L’industria alimentare in sofferenza per la crisi dell’anidride carbonica. L’impennata dei costi e le scarse scorte di magazzino mettono a rischio la produzione di acqua minerale, birra e bibite.
Tra i settori industriali che patiscono più il caro energia e la crisi delle bollette ci sono quelli che fanno uso di anidride carbonica nel processo produttivo.
In prima fila a patire la crisi dell’anidride carbonica ci sono le industrie delle bevande, in crisi di produzione e di approvvigionamento. Gli aumenti in questo settore vanno dall’11% per l’acqua minerale al 10,5% per i succhi di frutta: +7% invece per le bibite gassate, sotto pressione per l’aumento dei costi di produzione dell’anidride carbonica. Che progressivamente va esaurendosi.
È di pochi giorni fa l’annuncio della filiale polacca del birrificio danese Carlsberg che a breve rischia perfino di interrompere la produzione di birra per la mancanza di CO2. A rischio anche molti altri settori alimentari che la usano per la refrigerazione.
Carlsberg, che in Polonia ha aperto ben tre birrifici, è uno dei maggiori produttori del Paese, con una quota di mercato pari a circa il 20%. Presto però acqua minerale e bibite gassate potrebbero diventare un lusso, col rischio di una forte impennata dei prezzi quando si esauriranno le scorte nei magazzini. Il Codacons ha presentato un esposto all’Antitrust chiedendo l’apertura di un’indagine sulla carenza di anidride carbonica sul mercato per alimentare. L’associazione dei consumatori punta il dito sulle principali case di produzione di CO2 che secondo Codacons richiedono notevoli aumenti di prezzo.
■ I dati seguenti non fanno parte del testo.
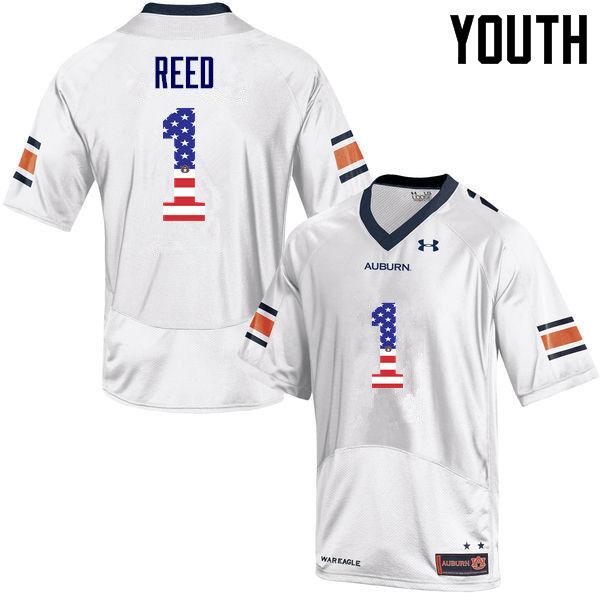 Youth #1 Trovon Reed Auburn Tigers USA Flag Fashion College Football Jerseys-White - Click Image to Close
Anidride carbonica, birra e acque minerali
Nel caso della birra, le bollicine che si sprigionano nell’istante della stappatura e nel boccale sono costituite essenzialmente dall’anidride carbonica. Un gas che si sprigiona grazie alla seconda fermentazione in bottiglia o nel tank. Coi lieviti che, consumando gli zuccheri del mosto, vanno a produrre alcol, anidride carbonica e altri composti secondari, compresi quelli aromatici. In alternativa, anche se poco frequenti, ci sono alcune birre industriali prodotte attraverso la gassatura con anidride carbonica esogena – così come accade per l’acqua e altre bibite gassate.
C’è poi l’acqua minerale dove la maggior parte delle bottiglie con le bollicine, salvo due o tre marche espressamente classificate come “effervescenti naturali”, vengono addizionate con l’anidride carbonica. Ma anche altri settori usano anidride carbonica nel processo industriale anidride carbonica. In campo alimentare la CO2 si utilizza per limitare la crescita di batteri e muffe. Si usa anche come refrigerante nelle linee di surgelazione. Viene impiegata ormai da tempo anche per estrarre la caffeina dal caffè e come gas all’interno delle confezioni di alcuni alimenti confezionati in atmosfera modificata (è il caso di ravioli e tortellini freschi).
Preoccupata per la carenza di CO2 anche Assobibe, l’Associazione (facente capo a Confindustria) che rappresenta i produttori di bevande analcoliche. La scarsa disponibilità di anidride carbonica, spiega l’associazione, è dovuta ai rincari dei “costi di energia, plastica, alluminio, cartone e vetro”.
Da dove proviene la CO2
La maggior parte della anidride carbonica per usi esclusivamente alimentari proviene da impianti fertilizzanti. Viene ottenuta come sottoprodotto della lavorazione dell’ammoniaca. Oppure come sottoprodotto delle fabbriche di bioetanolo. La fonte originaria della CO2 sono però le sorgenti naturali. Delle quali l’Italia è un paese particolarmente ricco, grazie alla presenza di elevatissimo numero di sorgenti.